### Task material
----------------------------------------

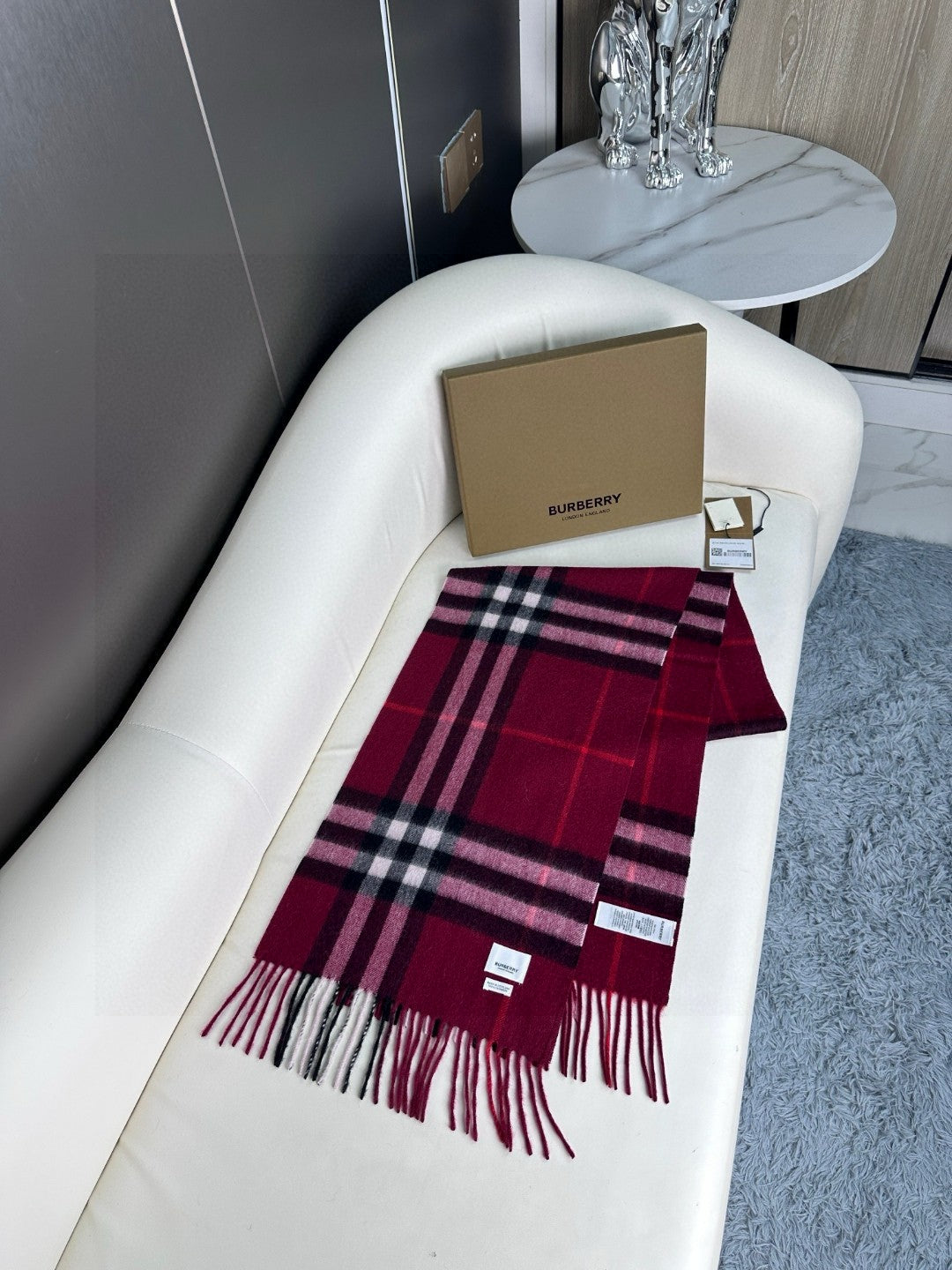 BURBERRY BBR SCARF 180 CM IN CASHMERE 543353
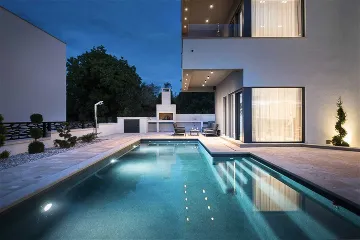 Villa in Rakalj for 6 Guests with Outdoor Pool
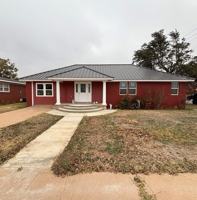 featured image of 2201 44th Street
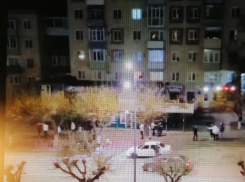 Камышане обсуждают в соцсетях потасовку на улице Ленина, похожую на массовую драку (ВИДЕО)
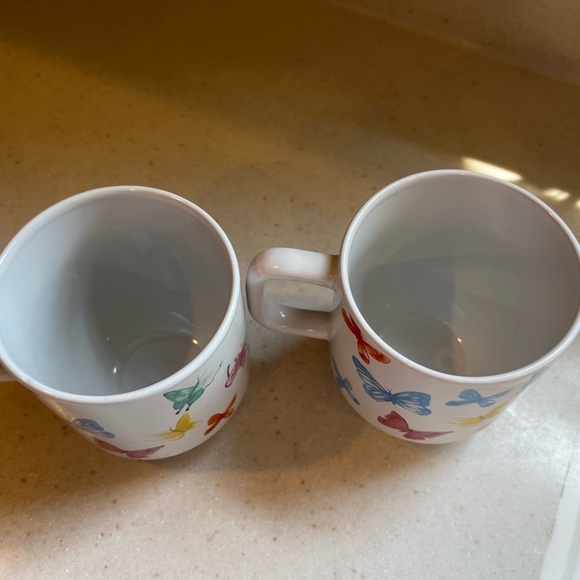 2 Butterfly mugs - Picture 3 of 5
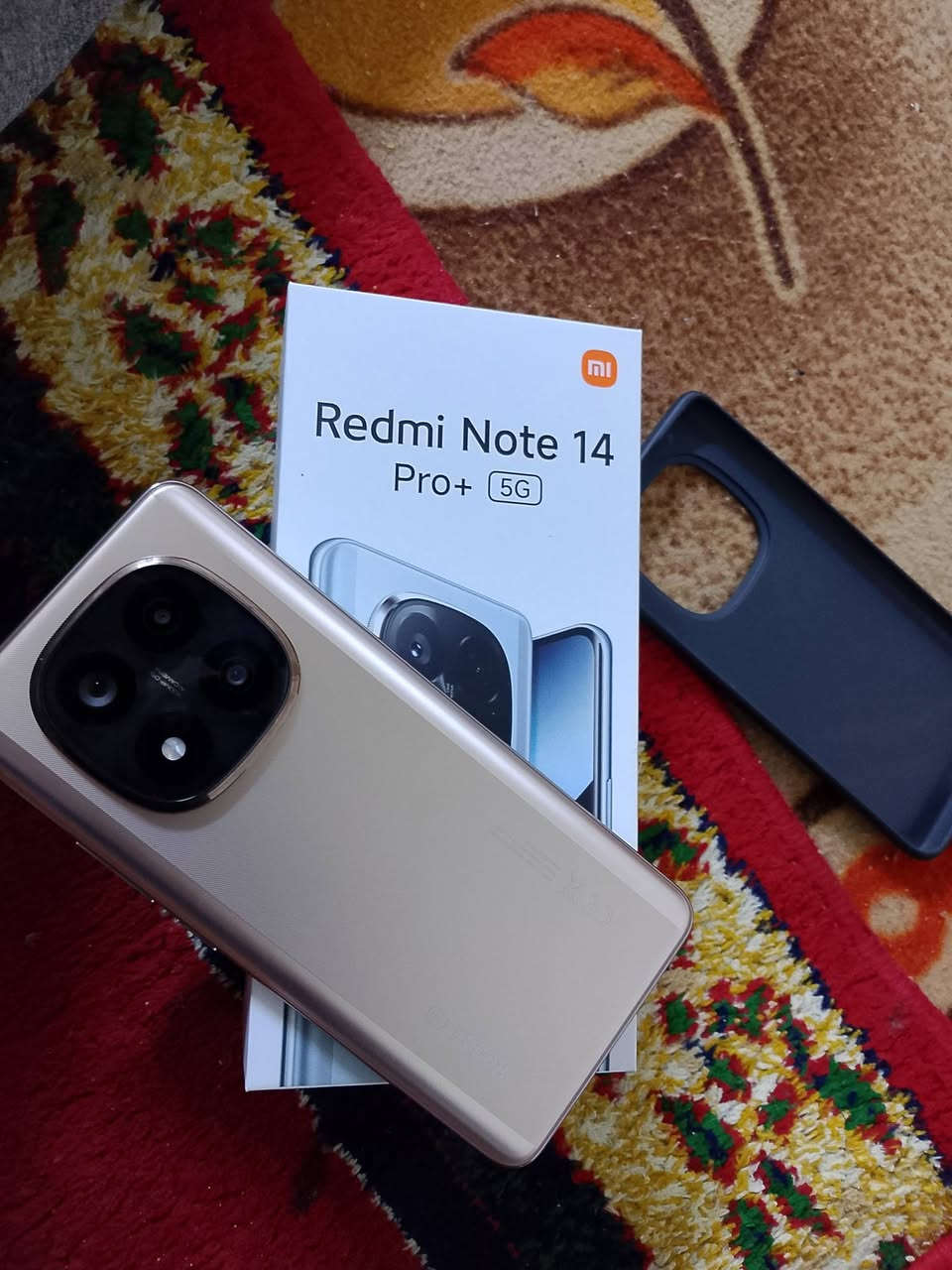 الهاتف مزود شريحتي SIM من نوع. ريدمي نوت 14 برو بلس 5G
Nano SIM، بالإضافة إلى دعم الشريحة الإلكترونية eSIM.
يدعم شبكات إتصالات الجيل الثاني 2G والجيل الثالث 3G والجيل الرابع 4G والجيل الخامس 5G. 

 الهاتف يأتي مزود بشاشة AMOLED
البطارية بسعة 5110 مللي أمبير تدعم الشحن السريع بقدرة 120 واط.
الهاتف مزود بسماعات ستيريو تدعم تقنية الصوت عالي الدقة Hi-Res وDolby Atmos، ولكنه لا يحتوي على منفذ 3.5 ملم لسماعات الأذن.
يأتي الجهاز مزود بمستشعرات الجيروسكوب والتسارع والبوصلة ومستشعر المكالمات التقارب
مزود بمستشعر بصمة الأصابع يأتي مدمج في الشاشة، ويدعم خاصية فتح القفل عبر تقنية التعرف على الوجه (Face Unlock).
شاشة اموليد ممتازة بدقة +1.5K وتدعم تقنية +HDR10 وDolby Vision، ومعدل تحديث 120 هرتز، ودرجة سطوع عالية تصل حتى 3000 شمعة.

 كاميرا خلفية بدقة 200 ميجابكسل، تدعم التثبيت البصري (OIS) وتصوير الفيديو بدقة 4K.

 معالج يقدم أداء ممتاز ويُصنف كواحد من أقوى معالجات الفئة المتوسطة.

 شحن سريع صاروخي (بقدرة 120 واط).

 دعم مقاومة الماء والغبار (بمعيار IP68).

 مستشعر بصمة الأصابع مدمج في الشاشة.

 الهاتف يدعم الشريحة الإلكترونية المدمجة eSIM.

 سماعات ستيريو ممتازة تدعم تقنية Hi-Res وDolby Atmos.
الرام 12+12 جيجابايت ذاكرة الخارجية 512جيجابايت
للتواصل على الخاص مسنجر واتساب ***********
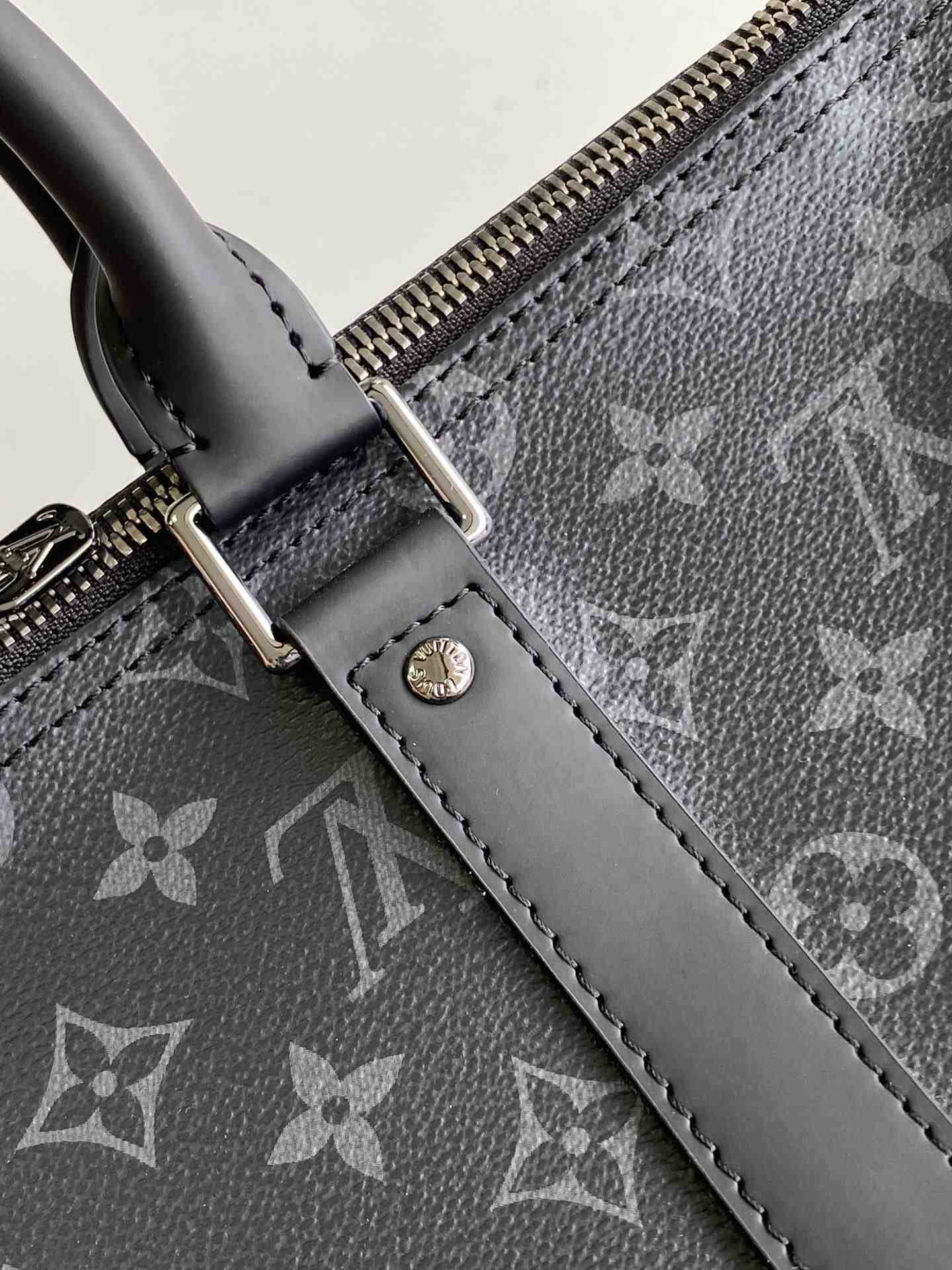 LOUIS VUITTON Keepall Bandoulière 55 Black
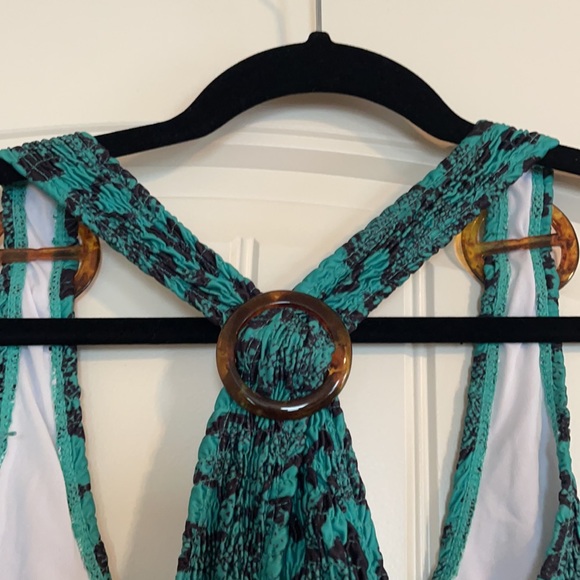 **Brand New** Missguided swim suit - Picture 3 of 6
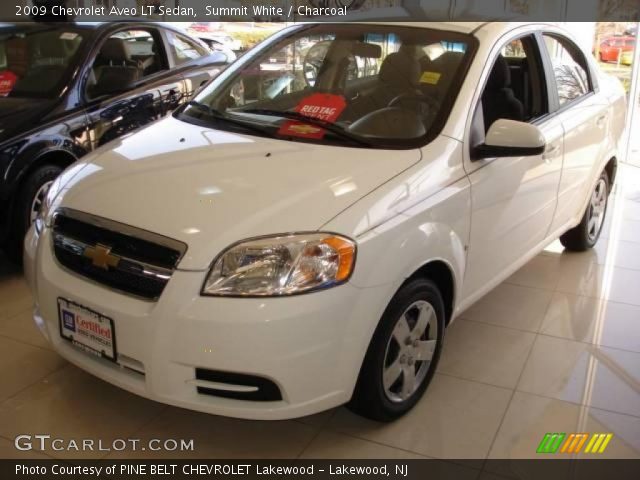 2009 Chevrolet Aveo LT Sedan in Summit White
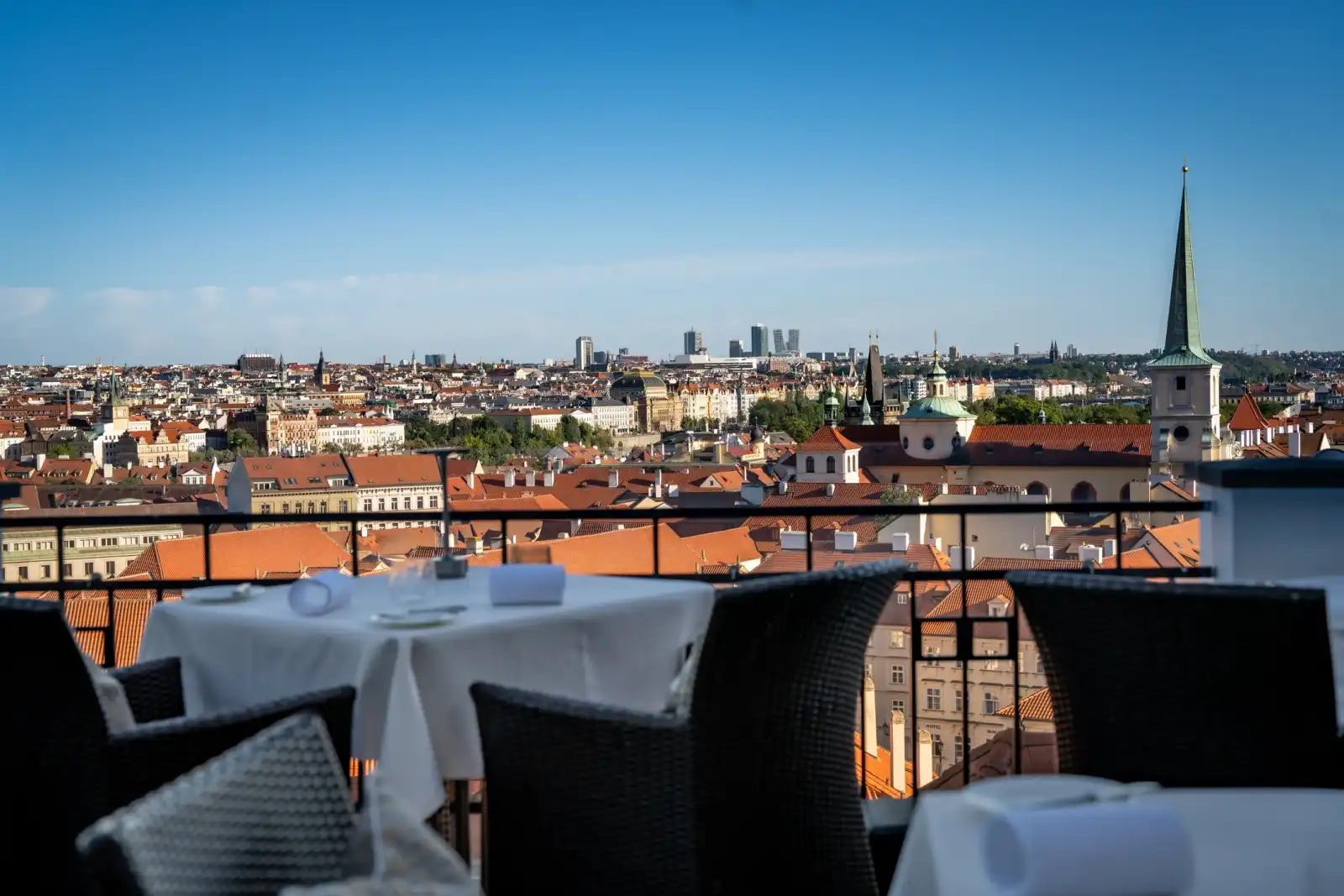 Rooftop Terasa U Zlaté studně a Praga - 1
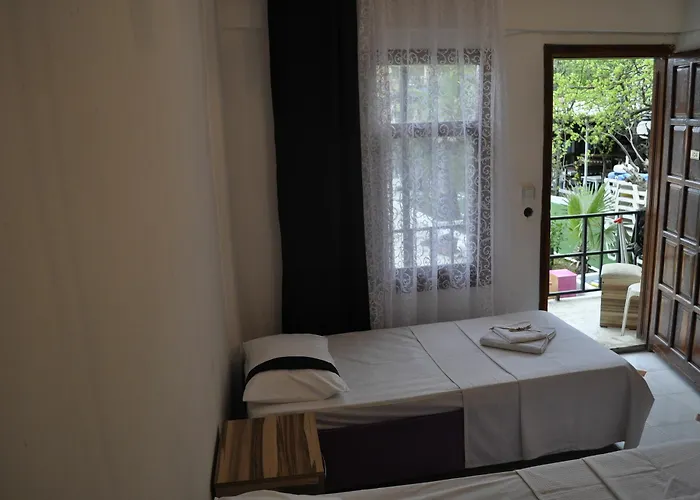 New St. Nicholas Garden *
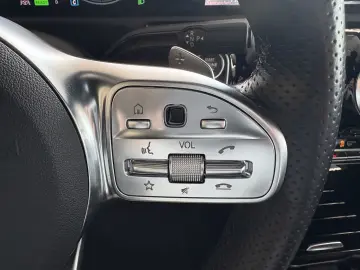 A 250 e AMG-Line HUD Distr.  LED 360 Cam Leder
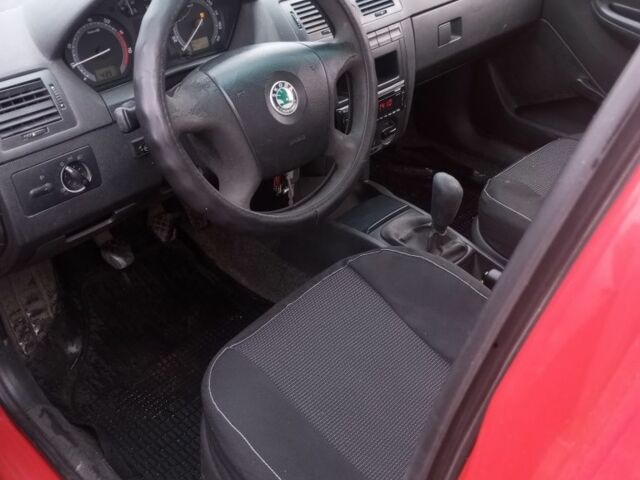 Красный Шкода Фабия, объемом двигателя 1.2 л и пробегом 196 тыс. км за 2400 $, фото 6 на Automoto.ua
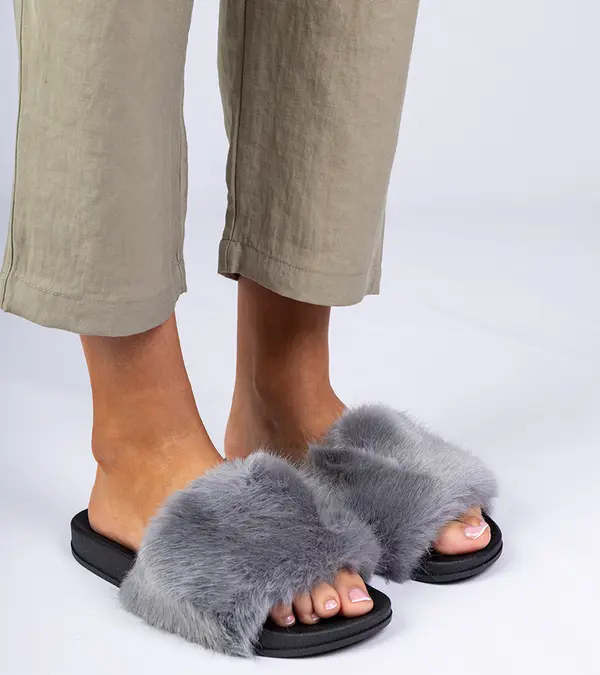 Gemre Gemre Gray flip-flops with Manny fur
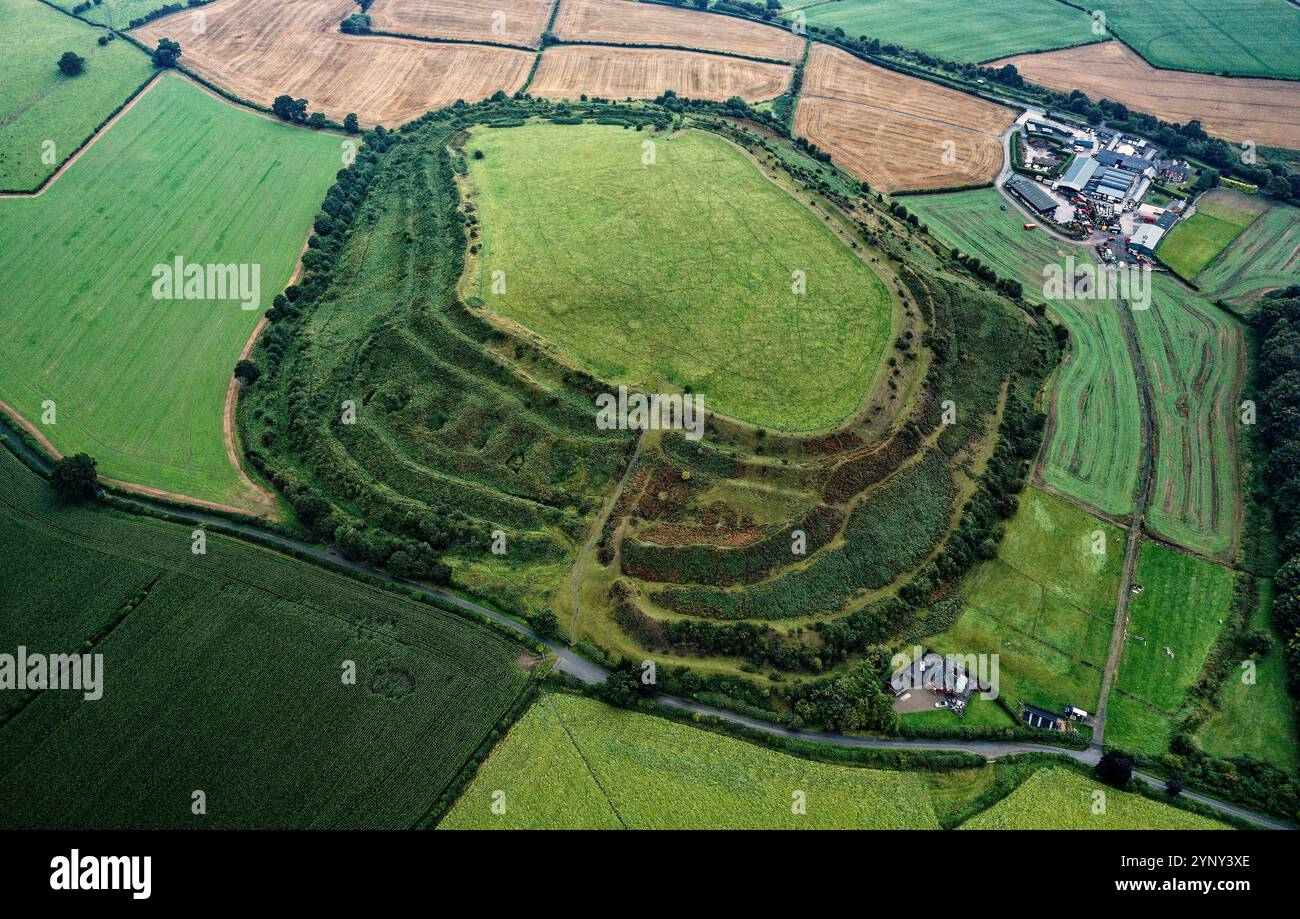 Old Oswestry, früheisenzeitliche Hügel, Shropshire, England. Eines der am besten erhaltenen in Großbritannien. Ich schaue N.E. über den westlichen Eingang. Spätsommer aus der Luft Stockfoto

----------------------------------------

### Aim of the exercise
For this exercise, gather every line of the data that contains the word "ممتازة".

### Answer box
شاشة اموليد ممتازة بدقة +1.5K وتدعم تقنية +HDR10 وDolby Vision، ومعدل تحديث 120 هرتز، ودرجة سطوع عالية تصل حتى 3000 شمعة.
 سماعات ستيريو ممتازة تدعم تقنية Hi-Res وDolby Atmos.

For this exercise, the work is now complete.